Here's an example of the structure of the JSON file:

{
    "title": "Recent Announcements",
    "entries": [
        {
            "title": "Amazon SageMaker Model Registry announces support for private model repositories",
            "link": "https://...",
            "summary": "Amazon SageMaker Model Registry now supports..."
        },
        {
            "title": "Announcing memory optimized Amazon EC2 R7a bare metal instances",
            "link": "https://...",
            "summary": "Amazon announces general availability..."
        },
        ...
    ]
}

By default, the Lambda function is scheduled to run early in the day, Monday to Friday, to update the news.

The URL of the RSS feed, the cron schedule to run the function, and special instructions that can be added to the summarization prompt can be edited in the AWS SAM temnplate file (template.yaml).

How to use it

First, edit the SAM template file (template.yaml):

  • The default RSS_LINK points to the most recent AWS announcements.
  • As an example, the links to the BBC and CNN top stories are provided but commented out.
  • Only one RSS_LINK at a time can be used in the template.
  • To run the function more or less often, edit the ScheduleExpression cron syntax between parenthesis.
  • You can add SPECIAL_INSTRUCTIONS that are added to the prompt passed to the model. You can use these special instructions to tailor the summary to your needs.

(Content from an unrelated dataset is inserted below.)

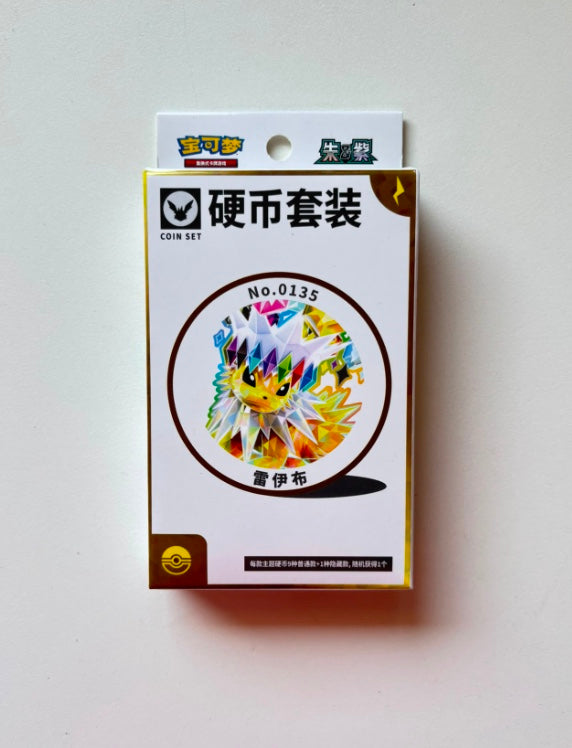 Pokemon CSV9.5 Terastal Gathering Coin Set Gift Box Simplified Chinese Display Card Box Sealed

Then, in the sam-get-news directory, build and deploy the application using this command:

sam build && sam deploy

Confirm the deployment when asked.

Get the News URL from the output of the sam deploy command.

You can download the JSON documls ent using curl or wget on the News URL. For example:

curl https://BUCKET-NAME.s3.REGION.amazonaws.com/news.json

Display the news using Markdown, HTML, PDF, or Microsoft Word formats

In the Markdown directory, update the NEWS_URL in markdown_news.py file to the output of the sam deploy command.

Then, run the run.sh script to create news in multiple formats.

The run.sh script uses Pandoc to convert the Markdown output of the markdown_news.py script to HTML, Microsoft Word, and PDF. Follow the instructions on the Pandoc site to install the tool.

The PDF output is commented out by default in run.sh because it requires to install additional PDF tools.

Using a Microcontroller (Raspebrry Pi Pico W) with an e-ink screen (2.13" black/white eInk/ePaper display from Waveshare) to display the news

Most of the MicroPython code in the RaspberryPiPico folder is specific to the e-ink display model. More information on the e-ink display can be found here.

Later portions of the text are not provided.